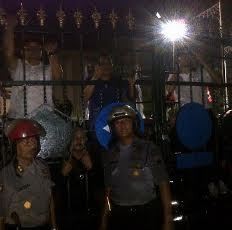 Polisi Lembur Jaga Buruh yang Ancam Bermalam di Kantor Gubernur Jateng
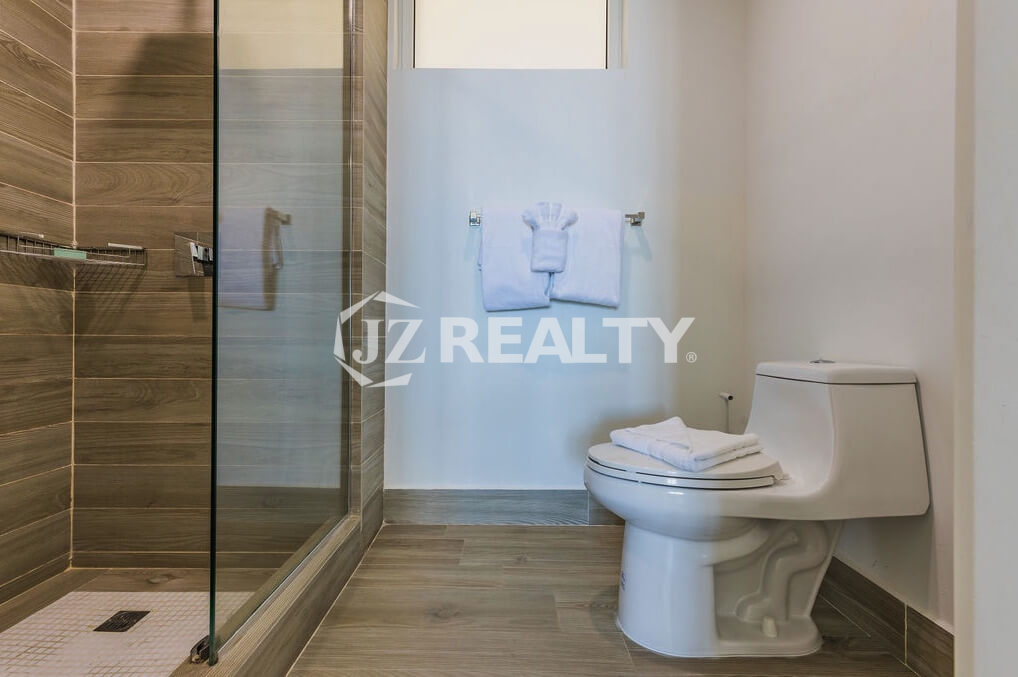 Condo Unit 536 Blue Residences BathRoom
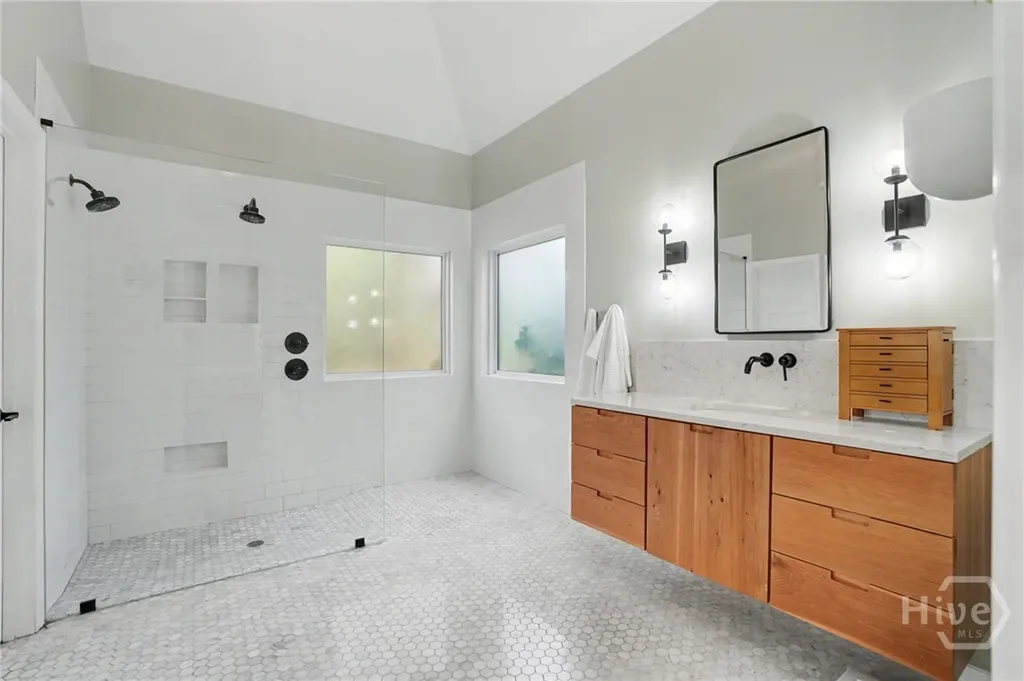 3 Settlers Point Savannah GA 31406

───

§ Assigned task: Repeat word for word only the lines from the line holding "Condo Unit 536 Blue Residences BathRoom" to the final line of the material, both included. Don't carry over any picture.

§ Response box:
 Condo Unit 536 Blue Residences BathRoom
 3 Settlers Point Savannah GA 31406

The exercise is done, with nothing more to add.